China’s GDP growth will slow to less than 5% a year by 2016, according to three out of every five of the more than 1,000 global investors, analysts and traders who responded to a Bloomberg poll. More than one in eight thought that would happen within a year, and nearly half thought that such a slowdown would occur in two to five years. Potential property bubbles, bad bank debt, persistent inflation and extended weak demand in US and European export markets were the cause of the pessimism.
This Bystander is tempted to recall the Japanese political saying that an inch in front of your nose is darkness. The economic forecasting goggles that can clearly see five years out are yet to be invented, let alone the night-vision version. Few in 2006 thought the world would look in 2011 as it does. We don’t doubt that China’s economic growth is more likely than not to slow from the double-digit growth rates it has averaged over the past three decades. The natural arc of development and demographics all but ensure it. Yet, a fall to 5% annual GDP growth would constitute “a hard landing” in our book, even allowing for the mitigating effects of variables like the speed of the deceleration, the impact on jobs and the composition of the economy at that point.
The new five-year plan, to 2015, assumes an annual average of 7% growth over its life, which might, arithmetically, mean there will have to be some 5% growth rates towards its end to balance out the current 9%+ growth. Yet we have always taken the official 7% figure to be unrealistically modest, signaling domestically that growth would inevitably slow, but giving the Party plenty of room to gloriously overdeliver on its underpromise.
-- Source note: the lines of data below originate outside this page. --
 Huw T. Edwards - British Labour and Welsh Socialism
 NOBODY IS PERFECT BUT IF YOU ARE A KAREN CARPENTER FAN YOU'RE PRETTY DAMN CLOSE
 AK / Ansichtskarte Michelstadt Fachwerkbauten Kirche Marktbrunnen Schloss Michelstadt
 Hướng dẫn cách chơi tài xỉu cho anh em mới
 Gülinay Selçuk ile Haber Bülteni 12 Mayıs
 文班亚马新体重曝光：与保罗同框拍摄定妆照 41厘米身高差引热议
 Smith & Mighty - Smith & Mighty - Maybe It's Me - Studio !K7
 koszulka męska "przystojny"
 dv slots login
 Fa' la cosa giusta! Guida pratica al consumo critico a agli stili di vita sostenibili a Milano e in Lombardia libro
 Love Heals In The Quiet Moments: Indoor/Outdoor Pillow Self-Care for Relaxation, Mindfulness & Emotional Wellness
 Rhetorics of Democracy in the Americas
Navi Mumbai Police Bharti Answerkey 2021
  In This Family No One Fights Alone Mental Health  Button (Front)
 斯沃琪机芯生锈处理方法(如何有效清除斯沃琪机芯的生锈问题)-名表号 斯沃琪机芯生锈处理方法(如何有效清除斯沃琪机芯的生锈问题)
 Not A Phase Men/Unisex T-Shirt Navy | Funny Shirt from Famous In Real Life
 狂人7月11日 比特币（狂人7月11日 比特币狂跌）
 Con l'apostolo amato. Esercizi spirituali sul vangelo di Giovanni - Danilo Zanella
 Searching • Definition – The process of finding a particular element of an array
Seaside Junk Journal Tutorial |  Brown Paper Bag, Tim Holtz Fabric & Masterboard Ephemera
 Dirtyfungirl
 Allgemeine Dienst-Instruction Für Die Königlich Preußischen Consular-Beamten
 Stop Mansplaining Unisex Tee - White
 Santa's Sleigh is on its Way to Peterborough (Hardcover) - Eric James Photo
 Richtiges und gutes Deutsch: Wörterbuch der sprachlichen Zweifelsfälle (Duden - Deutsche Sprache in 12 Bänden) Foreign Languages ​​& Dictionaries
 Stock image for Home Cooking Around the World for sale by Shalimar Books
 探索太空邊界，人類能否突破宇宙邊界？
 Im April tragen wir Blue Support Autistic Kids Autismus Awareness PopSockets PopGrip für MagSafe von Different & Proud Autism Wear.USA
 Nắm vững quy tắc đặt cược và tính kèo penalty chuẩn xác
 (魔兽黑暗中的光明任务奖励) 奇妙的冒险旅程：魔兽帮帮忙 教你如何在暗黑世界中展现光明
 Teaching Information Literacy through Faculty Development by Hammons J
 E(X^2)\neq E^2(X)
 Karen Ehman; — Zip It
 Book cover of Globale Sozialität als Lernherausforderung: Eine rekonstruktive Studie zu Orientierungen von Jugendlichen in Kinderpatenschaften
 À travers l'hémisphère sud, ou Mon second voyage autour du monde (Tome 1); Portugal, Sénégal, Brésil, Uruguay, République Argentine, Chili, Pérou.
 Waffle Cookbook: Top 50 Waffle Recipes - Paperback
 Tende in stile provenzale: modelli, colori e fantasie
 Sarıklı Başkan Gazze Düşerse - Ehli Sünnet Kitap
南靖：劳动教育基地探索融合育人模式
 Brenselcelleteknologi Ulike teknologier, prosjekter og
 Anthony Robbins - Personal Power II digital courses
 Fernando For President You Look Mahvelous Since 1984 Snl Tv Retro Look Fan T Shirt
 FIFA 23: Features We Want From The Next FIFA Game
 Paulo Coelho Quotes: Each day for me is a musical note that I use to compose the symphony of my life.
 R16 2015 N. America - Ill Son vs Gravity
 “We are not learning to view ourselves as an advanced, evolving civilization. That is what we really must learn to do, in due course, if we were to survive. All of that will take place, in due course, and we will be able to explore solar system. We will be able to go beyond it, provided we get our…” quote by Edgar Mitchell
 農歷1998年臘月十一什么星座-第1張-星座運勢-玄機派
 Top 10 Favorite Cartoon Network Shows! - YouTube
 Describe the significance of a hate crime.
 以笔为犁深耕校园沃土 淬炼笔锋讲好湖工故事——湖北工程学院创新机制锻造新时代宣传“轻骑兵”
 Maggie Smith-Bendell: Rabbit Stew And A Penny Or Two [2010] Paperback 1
A 5% growth rate in China would have serious consequences for the global economy as well as domestic stability. We accept that all the reasons to be bearish cited by respondents to the Bloomberg poll are legitimate risks to growth. As we have noted before, progress on economic reform is going to be slow for some years, which will make the necessary changes to the structure of the economy harder to bring about. The sheer size of the economy also makes sustaining percentage increases harder each year. A $6 trillion economy growing at 7% a year needs to add $420 billion of GDP in the first year but $550 billion in year five. Plus the Party’s reliance on infrastructure spending to carry the economy through rough spots, is going to run its course at some point. The growth in the debt outpaces the growth in the ability to repay it. Yet, these are challenges, not inevitabilities. If the global conventional wisdom about China is as gloomy as the Bloomberg poll suggests, we are only reinforced in our view that there is a case for greater optimism.